UNAUTHORIZED PUBLIC CAMPING AND SLEEPING
SECTION 2.(a) Article 9 of Chapter 160D of the General Statutes is amended by adding a new section to read:
§ 160D‑917. Camping in public spaces.
(a) For purposes of this section, the following definitions shall apply:
(1) Department. – The North Carolina Department of Labor.
(2) Public camping or sleeping. – Lodging or residing overnight in a temporary outdoor habitation used as a dwelling or living space and evidenced by the erection of a tent or other temporary shelter, the presence of bedding or pillows, or the storage of personal belongings or lodging or residing overnight in an outdoor space without a tent or other temporary shelter. The term does not include (i) lodging or residing overnight in a motor vehicle that is registered, insured, and located in a place where it may be lawfully used or (ii) camping for recreational purposes on property designated for those purposes.
(b) Except as provided in subsection (c) of this section, a local government may not authorize or otherwise allow any person to regularly engage in public camping or sleeping on any public property, including any public building or its grounds and any public right‑of‑way under the jurisdiction of the local government.
(c) The governing board of a local government may, by majority vote, designate property owned by the local government within its jurisdictional boundaries to be used for a continuous period of no longer than one year for the purposes of public camping or sleeping. Except for a local government on the Unit Assistance List prepared by the Local Government Commission, the local government shall, in making the property designation, establish and maintain minimum standards and procedures related to the designated property for the purposes of:
(1) Ensuring the safety and security of the designated property and the persons lodging or residing on the designated property.
(2) Maintaining sanitation, which must, at a minimum, include providing access to clean and operable restrooms and running water.
(3) Coordinating with the appropriate department, agency, or entity to provide access to behavioral health services, which must include substance abuse and mental health treatment resources.
(4) Prohibiting illegal substance use and alcohol use on the designated property and enforcing the prohibition against such use.
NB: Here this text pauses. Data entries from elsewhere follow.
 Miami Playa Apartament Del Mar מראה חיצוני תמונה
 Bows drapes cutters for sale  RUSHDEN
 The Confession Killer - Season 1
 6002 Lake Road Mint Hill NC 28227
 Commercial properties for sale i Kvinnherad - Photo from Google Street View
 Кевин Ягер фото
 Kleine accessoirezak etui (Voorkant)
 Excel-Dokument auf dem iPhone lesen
(d) The local government's designation of property under subsection (c) of this section shall not become effective until the designated property is certified by the Department. To obtain the certification, the local government shall submit a request to the Commissioner of Labor which shall include documentation proving all of the following:
(1) There are not sufficient open beds in homeless shelters in the local government for the homeless population of the local government.
(2) The designated property is not contiguous to property zoned for residential use by the local government.
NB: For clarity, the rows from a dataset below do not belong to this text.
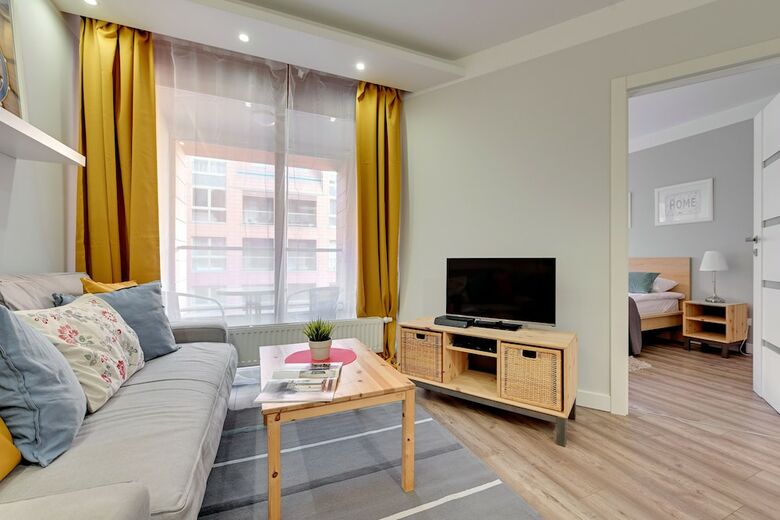 Apartamentos Flats For Rent - Aura Spa&wellness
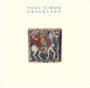 Graceland [25th Anniversary Edition]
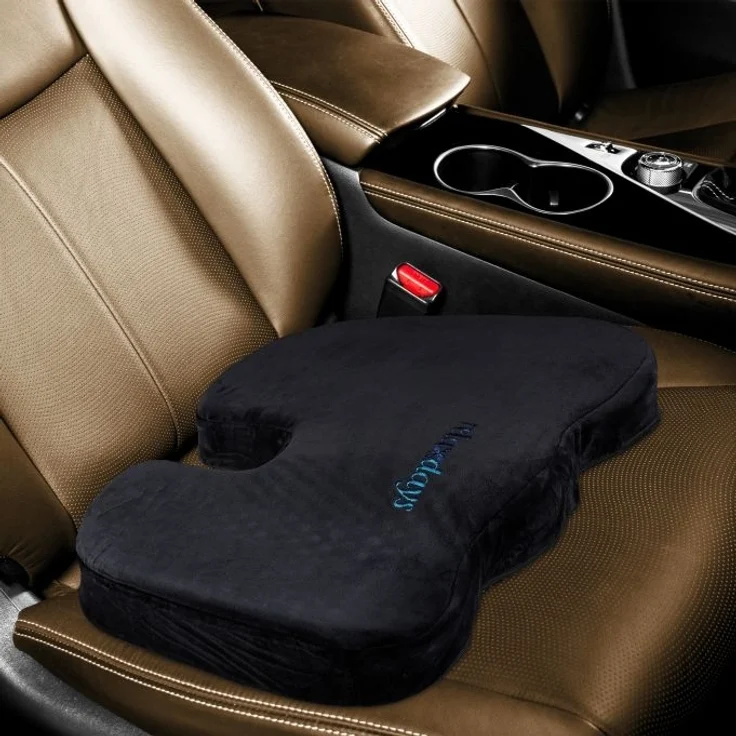 Ergonomisches Sitzkissen – Bild 2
(3) The designated property would not adversely and materially affect the property value or safety and security of other existing residential or commercial property in the local government and would not negatively affect the safety of children.
(4) The local government has developed a plan to satisfy the minimum standards and procedures prescribed in subsection (c) of this section.
(e) Within 10 days after receipt of a request to certify a designated property, the Department shall notify the local government of the date the request was received and of any omissions or errors in the request. The Department shall certify the designated property within 45 days after receipt of a complete submission from the local government, and the designated property shall be deemed certified on the forty‑fifth day if the Department takes no action.
(f) Within 30 days after certification of a designated property by the Department, the local government shall publish the minimum standards and procedures required by subsection (c) of this section on the local government's website. The local government shall continue to make the standards and procedures publicly available for as long as any local government property remains designated under subsection (d) of this section.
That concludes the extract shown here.